-------- DATA EXCERPT --------
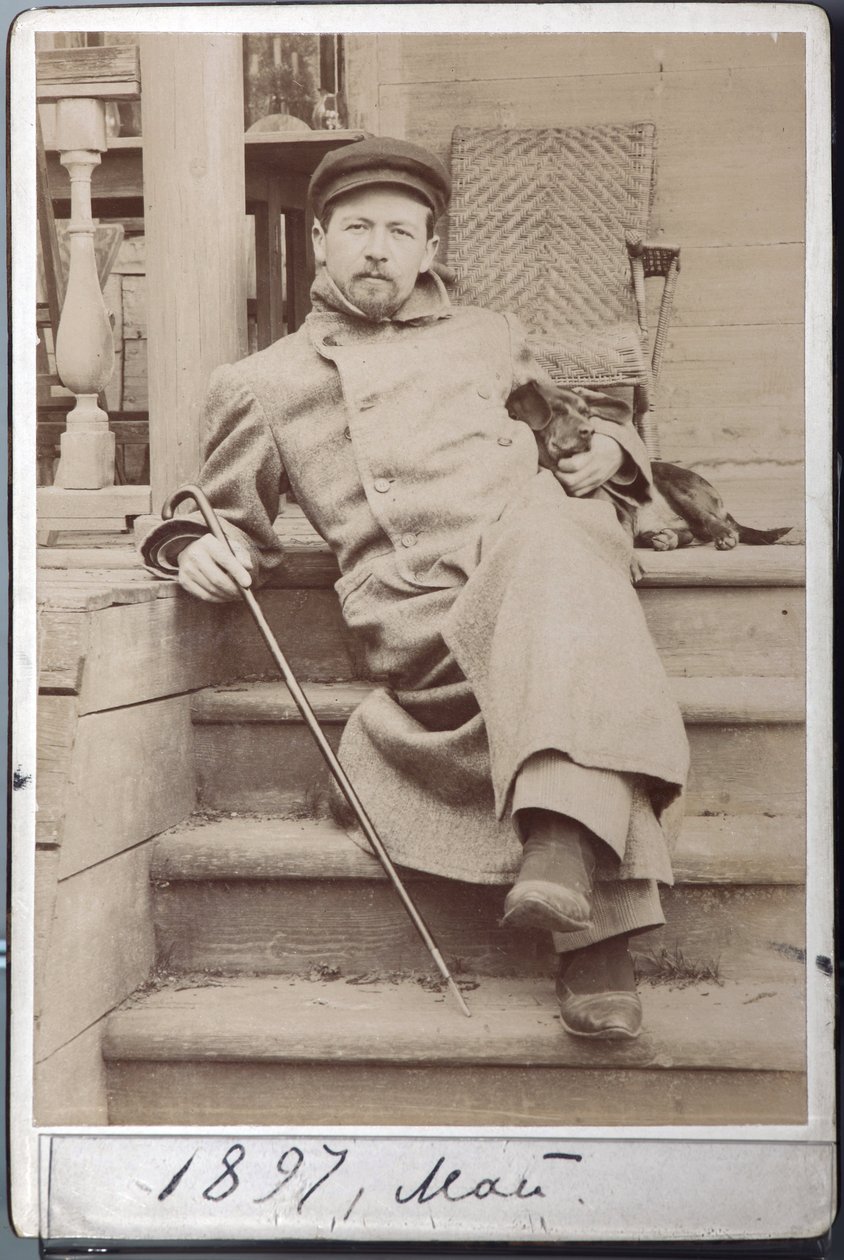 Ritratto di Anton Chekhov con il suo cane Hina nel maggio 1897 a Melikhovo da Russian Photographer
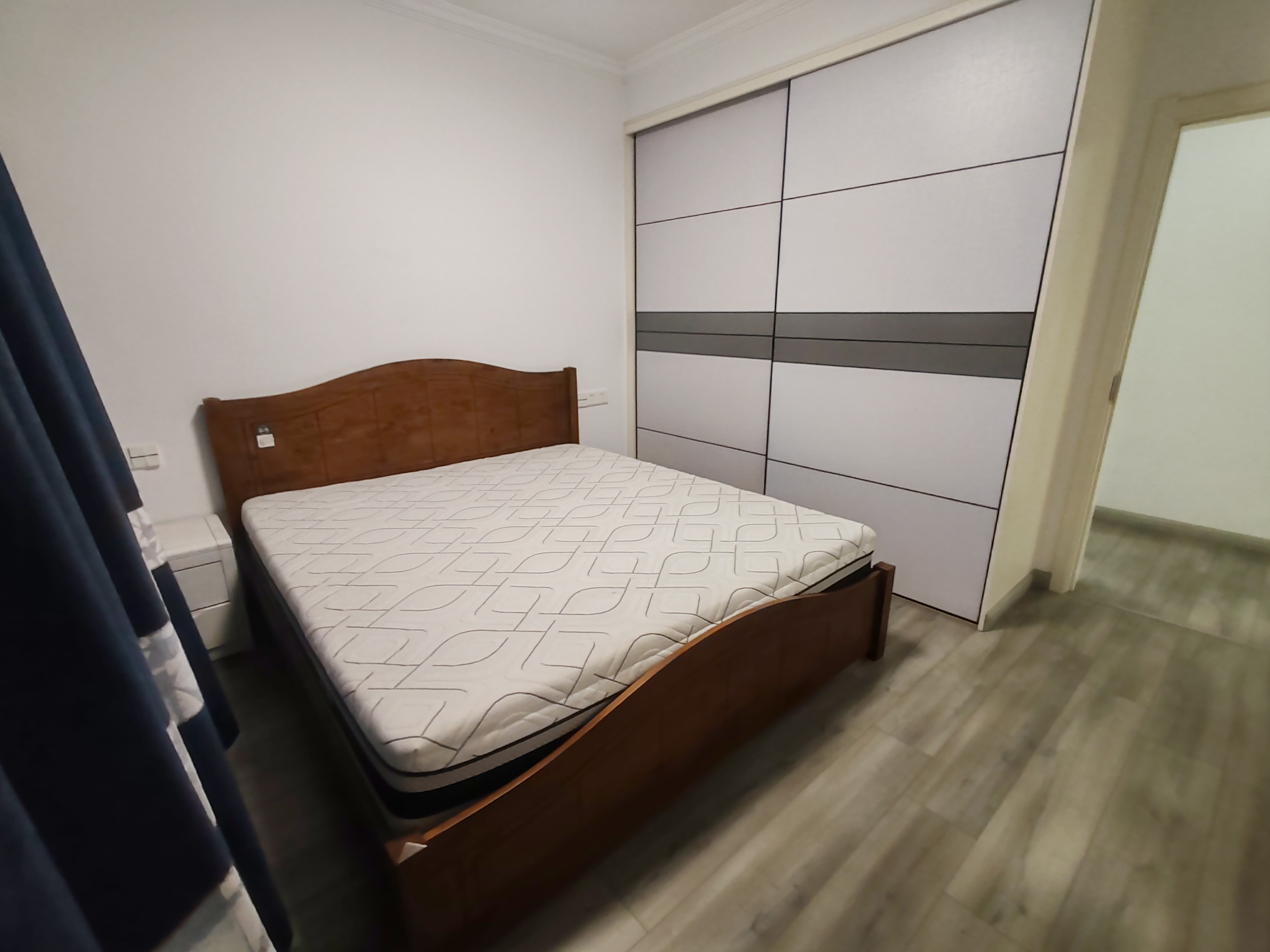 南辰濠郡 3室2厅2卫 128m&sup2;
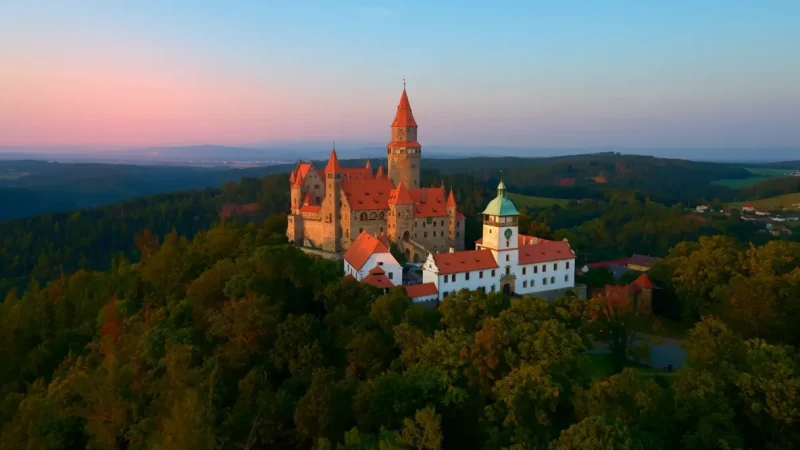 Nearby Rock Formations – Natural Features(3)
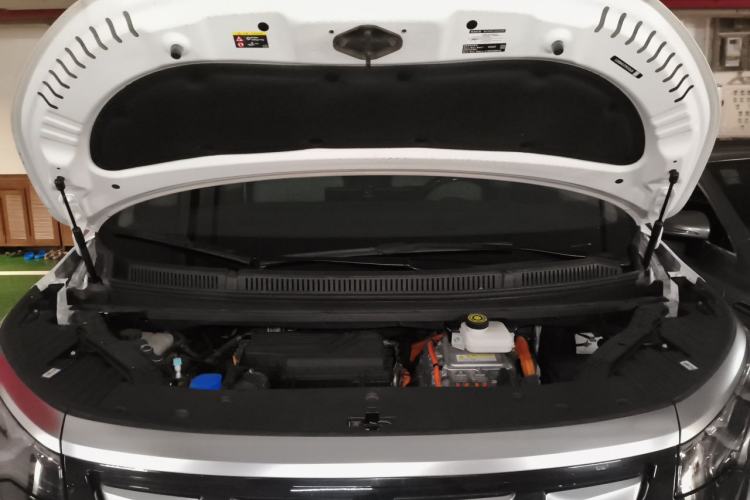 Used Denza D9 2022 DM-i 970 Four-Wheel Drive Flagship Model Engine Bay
--------
**WHAT YOU HAVE TO DO**
Set down exactly the lines between the one with "南辰濠郡 3室2厅2卫 128m&sup2;" and the last line of the material above, both included, but none of the pictures.

**WORKED SOLUTION**
 南辰濠郡 3室2厅2卫 128m&sup2;
 Nearby Rock Formations – Natural Features(3)
 Used Denza D9 2022 DM-i 970 Four-Wheel Drive Flagship Model Engine Bay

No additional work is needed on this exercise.